At first the Trustees begged Albert-da not to resign. When they found him adamant, Manoj Das Gupta, the Managing Trustee, put great pressure on him to sign a second letter of resignation where he would declare his resignation on grounds of “loss of memory and ill-health”. This is a dangerous trick that he has played with others earlier, but which everyone sees through now.
Failing all these options, Manoj Das Gupta has now ordered his men to spread the word that Albert-da is resigning only in March and not before.

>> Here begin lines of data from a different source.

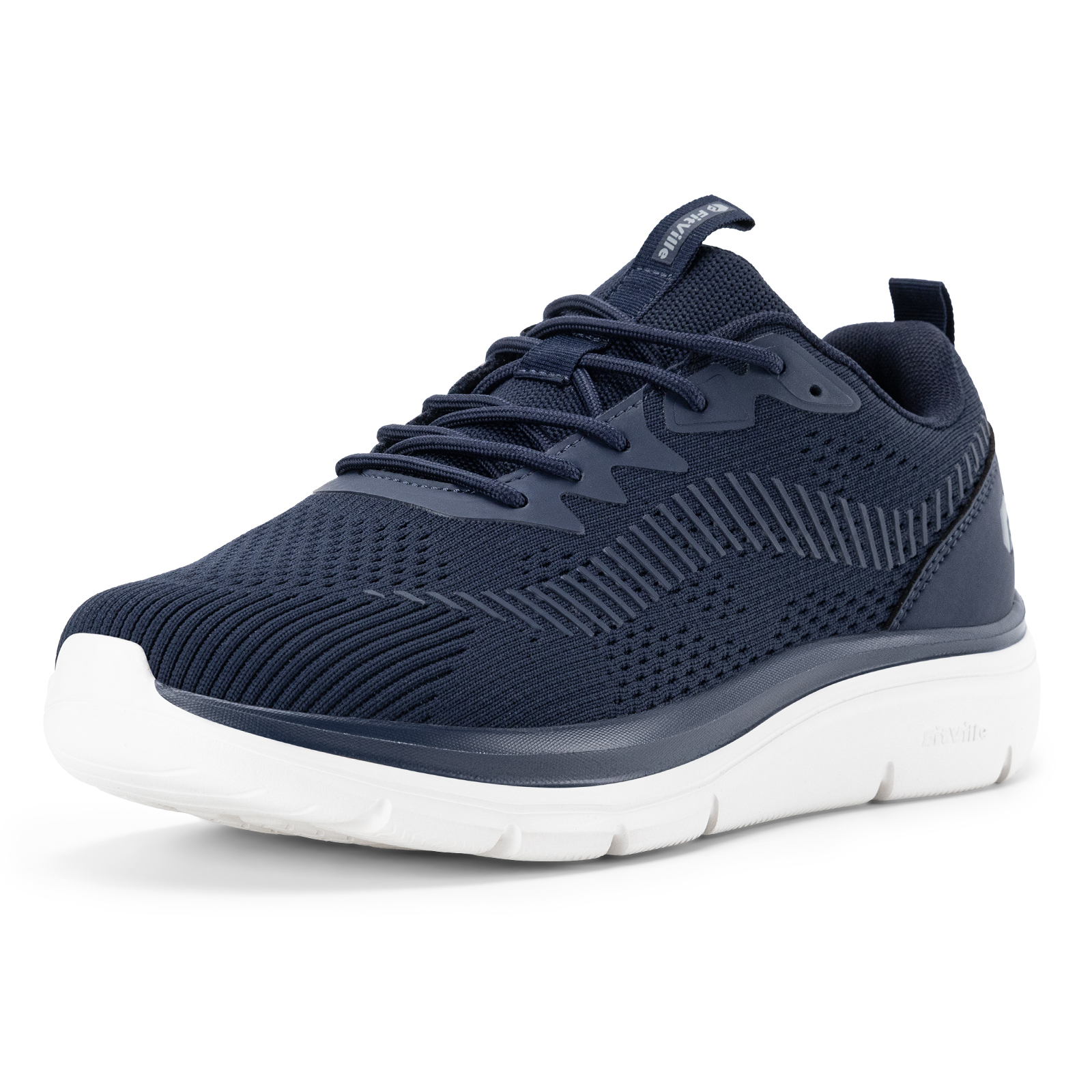 FitVille Men's Walking Shoes L - Men'S Shoes For Plantar Fasciitis บทวิจารณ์และราคา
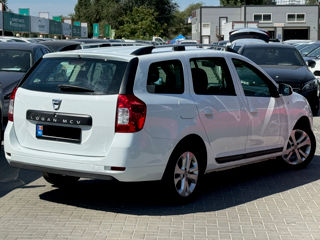 Dacia Logan Mcv foto 3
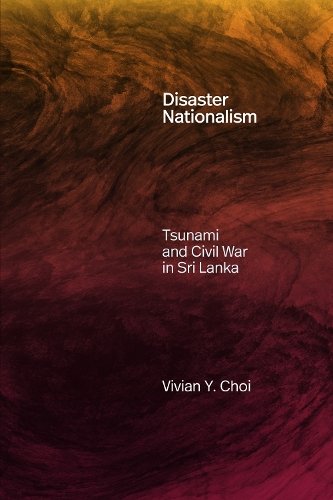 Disaster Nationalism – Tsunami and Civil War in Sri Lanka Choi Hardback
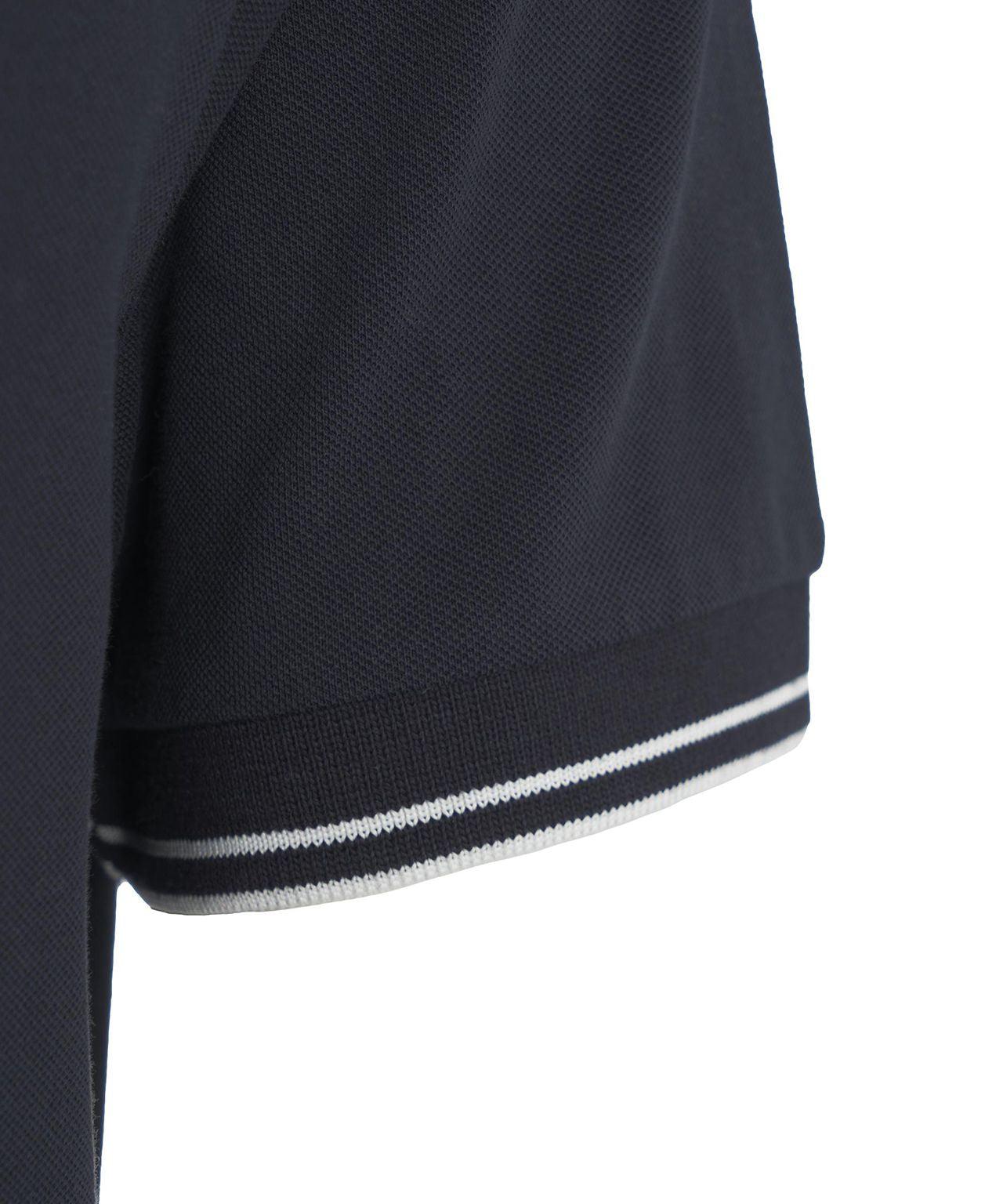 Polo shirt with logo detail Product Image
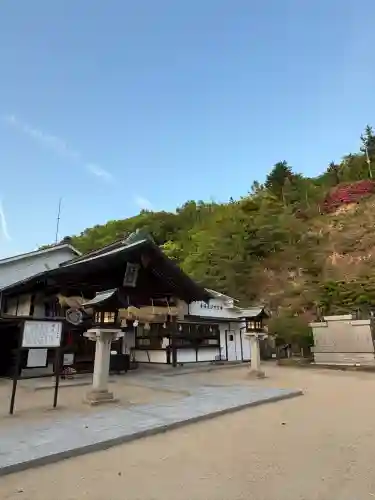 このみ白雲大社(岡山県)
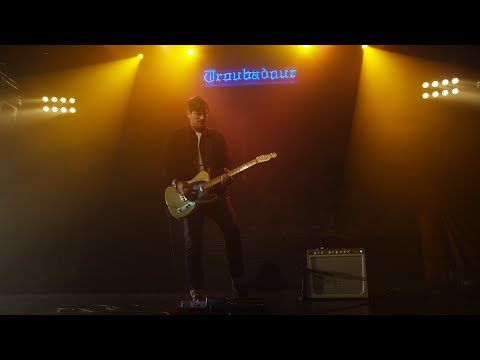 Butch Walker : The Pursuit of Tone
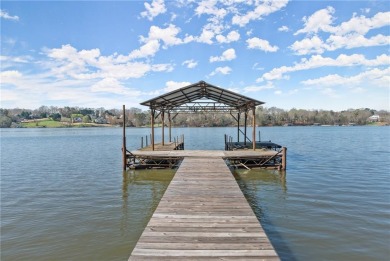 Lake Home For Sale in Gainesville, Georgia
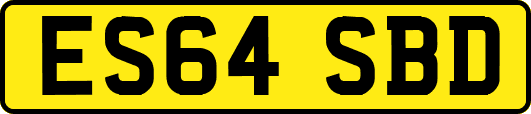 ES64SBD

Meanwhile the Trustees are in a desperate search to find a suitable successor. But this is not an easy task any more. To begin with, any successor must be someone who will swear personal loyalty to Manoj Das Gupta as against Sri Aurobindo. Some of the names being discussed include Vishweshwar, Chitra Sen and Swadesh Chatterjee who have for long proved their personal loyalties. But the thinking within the Board is to try for a better public profile to soften the widespread criticism. Two names are being discussed openly: Jhumur Bhattacharya who has been one of Manoj Das Gupta’s preferred girl-friends from his young days at theatre, and whom he has been steadily promoting first as a spiritual figurehead and later as head of the Ashram’s college and its alumni journal, and now as keeper of the Mother’s room. But the dark horse is Meera Gupta whom he had earlier assigned as head of the Ashram’s book distribution agency, and who was recently working overtime organising the Ashram-wide signature campaign to garner support to save the Trustees from going to jail.
But therein lies the rub. Although there are enough people waiting to serve the Trustees in their abuse of Sri Aurobindo, none of them is keen to go to jail with them!
Vishweshwar and Chitra Sen are already telling all those who care to ask that they are too old to take up such responsibilities. Swadesh, it is felt, does not bring any value to the Trust Board. Jhumur Bhattacharya is excusing herself saying she already has too many responsibilities. Meera Gupta alone has kept a strategic silence. When asked of her chances of becoming a Trustee, she merely said, “It is for them to decide.” But she did not appear too enthusiastic. After all selling one’s conscience is easier than going to jail for life.
Albert-da may well turn out to be smartest of them all.